Last summer, USF beat out more than 50 applicants across the nation for $7.5 million in federal funds which will be used for “advancing research and education programs that address the nation’s critical transportation challenges.”
USF showcased its plans for the new program when DOT made its decision in June 2019.
“Focused on traffic congestion relief, the USF program will be known as the National Institute for Congestion Reduction (NICR). It will be established within the USF College of Engineering’s Center for Urban Transportation Research (CUTR),” USF noted.

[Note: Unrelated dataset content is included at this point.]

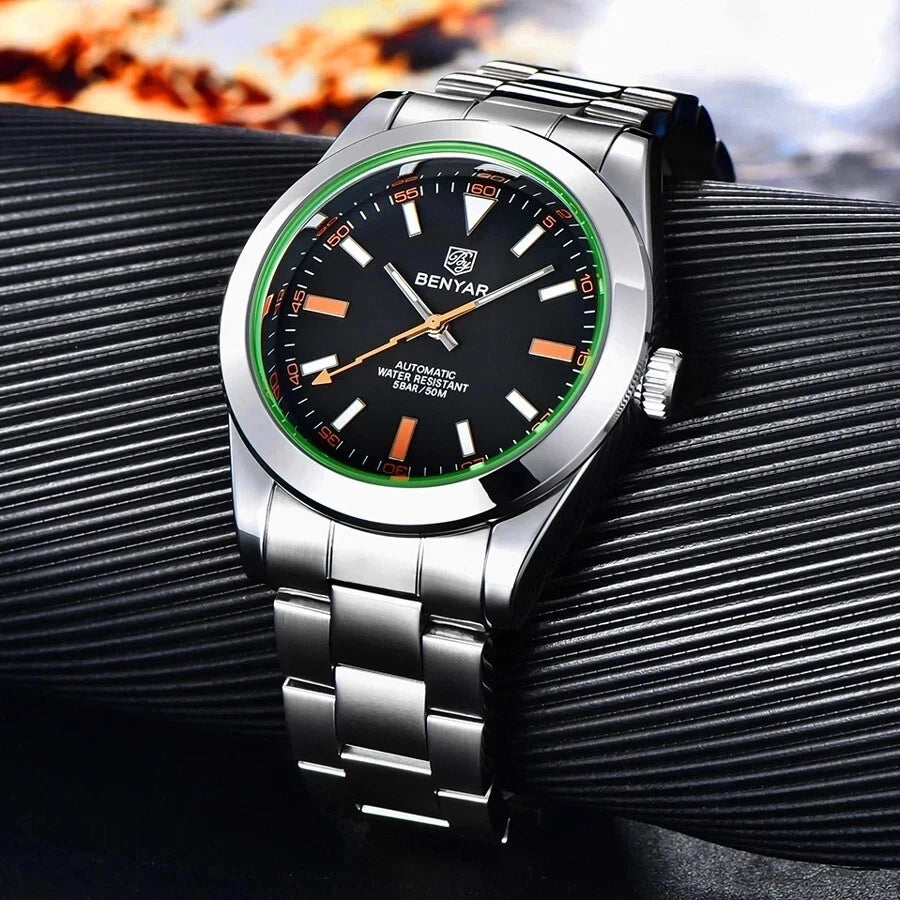 Silver watch with a black and green face on a textured surface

“As a preeminent research university located in the heart of the metropolitan Tampa Bay area, the University of South Florida has always been focused on the unique issues and challenges facing modern American cities,” said USF President Judy Genshaft. “This designation is an affirmation of our leadership in this kind of meaningful applied research and, along with our partners, will allow us to make an even bigger impact.”
“These investments in transportation research will help address our country’s congestion and durability challenges,” said U.S. Transportation Secretary Elaine Chao.
The news that USF would be the main university leading the project garnered praise on Capitol Hill.
“This is great news for the University of South Florida! Infrastructure is the foundation of this nation. I applaud the work USF is doing to address critical transportation challenges,” U.S. Sen. Marco Rubio, R-Fla. said. “As a member of the Senate Appropriations Committee, I am proud to have helped USF secure this $7.5 million grant to establish a national university transportation center aimed at advancing research and education programs that address the nation’s critical transportation challenges.”
“The Tampa Bay area is home to some of the brightest and most creative minds, with the University of South Florida standing as a shining example,” said U.S. Rep. Charlie Crist, D-Fla. “I am thrilled that the Department of Transportation selected USF for this prestigious grant. I look forward to visiting the transportation center and learning about innovative ways to address our region’s transportation and traffic challenges. Let’s fix it! Go Bulls!”
“Investing in our infrastructure creates jobs and can help us tackle the climate crisis through smart solutions, such as greener grid infrastructure, expansion of renewable energy and energy efficiency programs,” said U.S. Rep. Kathy Castor, D-Fla.
USF is working with the University of California, Berkeley, the Texas A&M Transportation Institute and the University of Puerto Rico, Mayaguez on the program.
At the end of last week, DOT announced it was sending $4,887,500 grant to USF to “research and reduce traffic congestion.”
“Traffic in our region calls for the best and brightest minds coming up with new and creative solutions. This is not just about quality of life and productivity, increased traffic stresses roads and worsens pollution,” said Crist last week. “On behalf of the Department of Transportation, I am excited to share news of this grant with USF and look forward to seeing all that our Bulls can accomplish for the people!”